I had such high hopes. I’ve been reading Kristin Hannah for a long time – or maybe I should say, I’ve been listening to her for a long time. Historically, her books have fallen into the category of books that I’m willing to spend the time listening to (since I have a long commute), but I won’t invest the time to physically read. Lighter fiction, chick-lit sorta, but not literary fiction. With The Nightingale, I felt like Hannah made that leap from contemporary fiction to literary fiction. Her latest – The Great Alone – has received a ton of praise (you’ll be hard pressed to find a review that isn’t glowing), and so I was optimistic. But I think she’s stepped back with this one.
Synopsis of The Great Alone
First, a little bit about the book. It is the story of Leni Albright, who’s Vietnam POW father moves her and her mother (Cora) to the Alaskan wilderness. They are completely unprepared, and in addition, as is somewhat tritely stated along the way, the dangers inside the house, by way of her abusive father, become to feel way more risky than those outside. The father character reminded me some of Pat Conroy’s depiction of his own father in The Great Santini, completely without merit. There is some attempt to create sympathy for him due to his undiagnosed or treated PTSD, but for me that didn’t land. (Her allusions to his erratic behavior pre-war in parts with Cora’s parents unwound any progress she made on this front.) Quite frankly, I was about ten percent in before I was rooting for the bear that was touted as the ever-present danger to come and relieve me of Ernt Albright. (Spoiler – it didn’t happen. :-()
On Leni’s first day of school, she meets a boy that is the perfect friend, and it is no great leap that he’s going to be the love interest. And he is. Leni’s father begins a feud with her boyfriend’s father over the idea of “progress” for their off-the-grid community, and so dilemmas and conflict ensue. I’ll stop there to make this a spoiler-free review.
My Thoughts on The Great Alone
Before you think I hated this book, I didn’t. I liked it. But I only liked it. First, and to some extent I don’t even fault Hannah, this is another example of a contemporary novel that is suffering from bad editing. You may think that using the same metaphor (for example, the some element of the Alaskan wilderness was like a fairy tale) is the fault of the author, but I think that those types of errors should be edited out by someone who is looking out for their client. This particular metaphor is used three times in the first five chapters. Also, the winter scene is described as “white on white” multiple times. The stairs “zig-zag” multiple times. The same dialogue is used by multiple characters, which is fine if it is acknowledged appropriately.

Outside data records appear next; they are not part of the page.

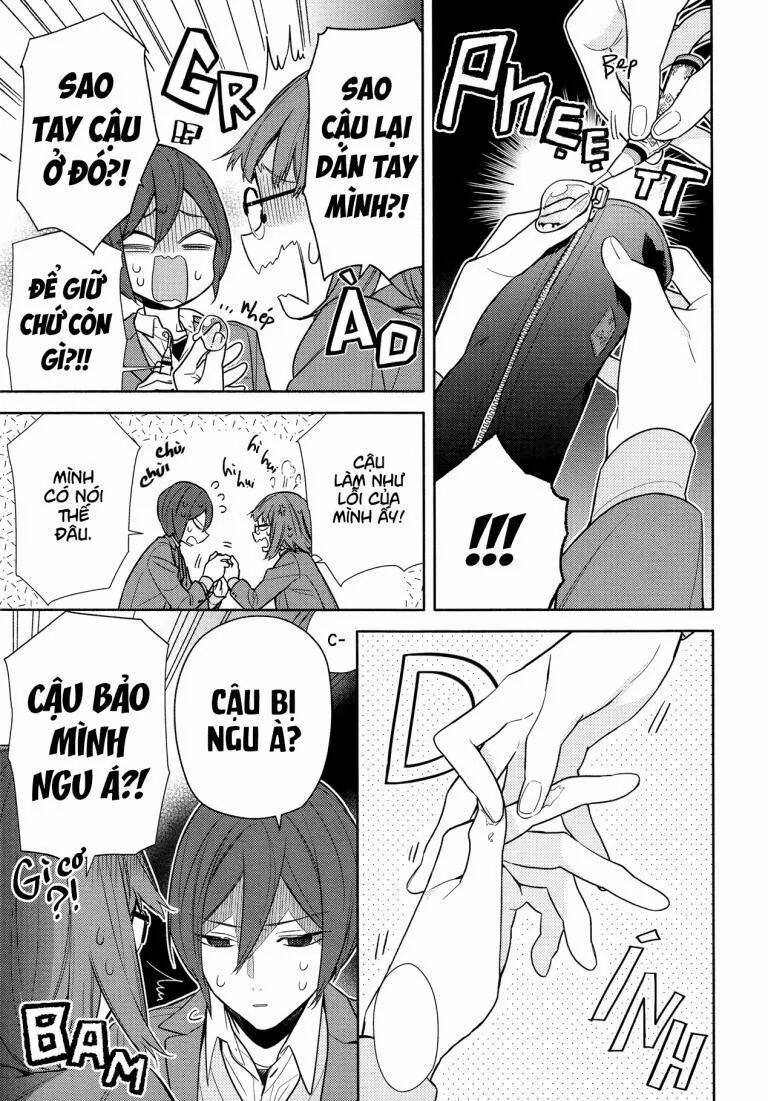 Horimiya 106 trang 7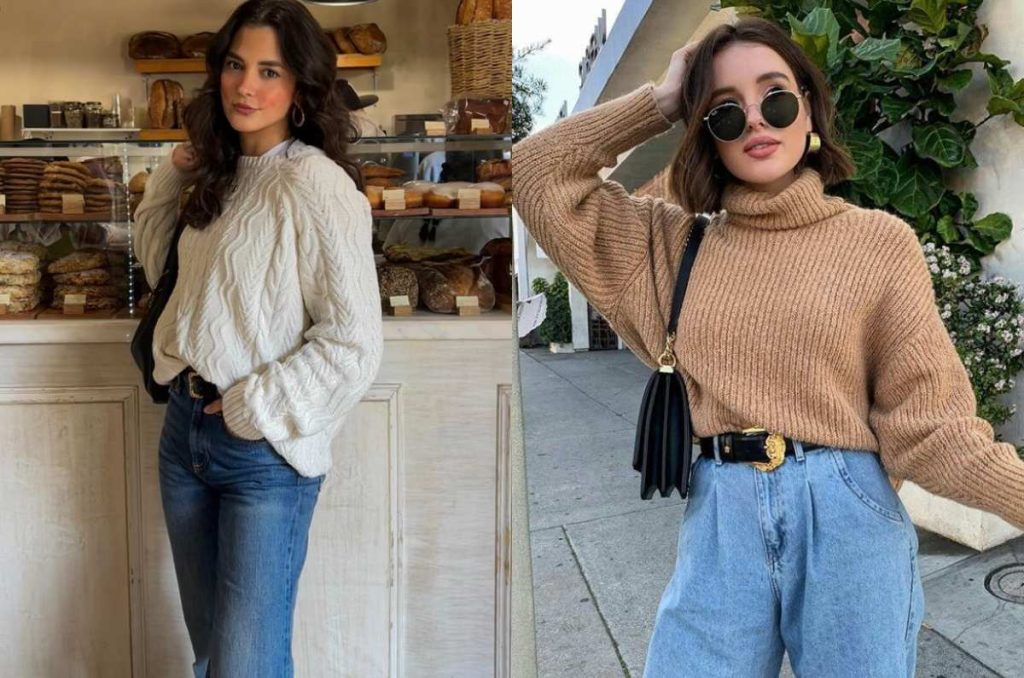 10 outfits ligeros pero calientitos para esta temporada 0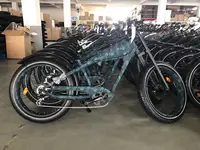 STLF Chine Origine Conception Style Rétro Mi Moteur Capteur De Torque 48v 750W 20ah NFC Déverrouillage Lithium Batte vélos Vélo Électronique Fatbike 4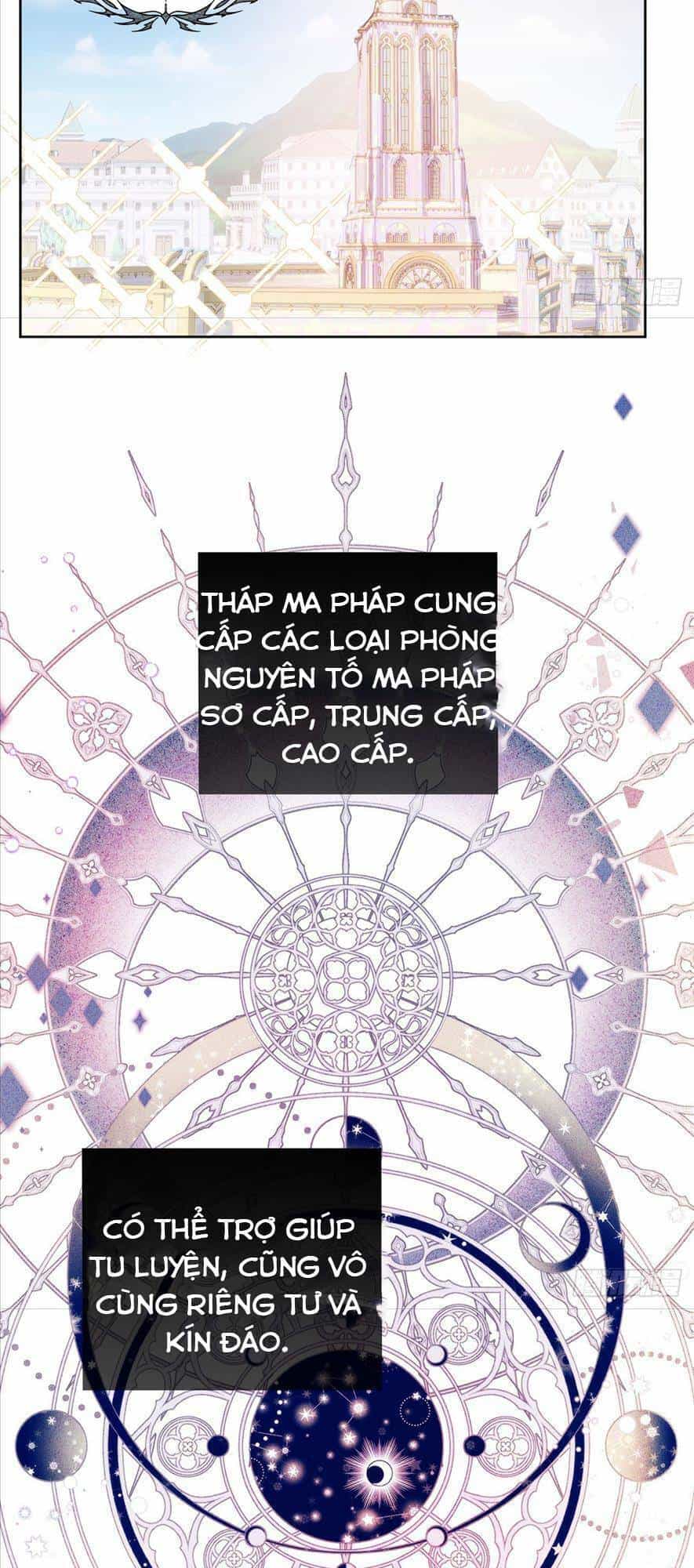 Phù Thuỷ Ác Độc Không Còn Lựa Chọn Nào Khác Ngoài Việc Trở Thành Ác Ma - Chương 10 - ảnh 5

There are two other things that irritated me. First, it has too many narrative lines. Typically, a novel has a primary narrative plot and a handful of others that support and tie in. This one seems to have at least three equally weighted plots – the one around Leni’s abusive father, one around the Leni and her mother’s relationship and finally the relationship between Leni and Matthew (the love interest). But none of these go from beginning to end as a main narrative plot should. There could even be an argument for a fourth one – Leni’s relationship with the setting – that in some ways supersedes the other three. Finally, and this is a lesser one, I’m not sure Hannah executed the third person omniscient view point very well. At times, it was pretty clunky and got in the way.
Buy it or Bail?
All that said, I think Hannah is writing about some important issues, and perhaps this novel will increase those conversations: the incredible need – particularly among veterans – for better mental health support, and, the need for better resources for battered women and their children. If for no other reason than this, it is a worthwhile read that will be entertaining along the way.